*** TASK MATERIAL Section Begins ***
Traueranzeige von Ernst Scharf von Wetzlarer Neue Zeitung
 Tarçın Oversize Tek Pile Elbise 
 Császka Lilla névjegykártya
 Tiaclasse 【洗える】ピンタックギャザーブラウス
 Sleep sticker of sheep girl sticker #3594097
*** TASK MATERIAL Section Ends ***
Everything from the line with "Császka Lilla névjegykártya" to the end of the listing, and only that, is to be set down exactly, line by line.

▶ _WRITTEN ANSWER_
 Császka Lilla névjegykártya
 Tiaclasse 【洗える】ピンタックギャザーブラウス
 Sleep sticker of sheep girl sticker #3594097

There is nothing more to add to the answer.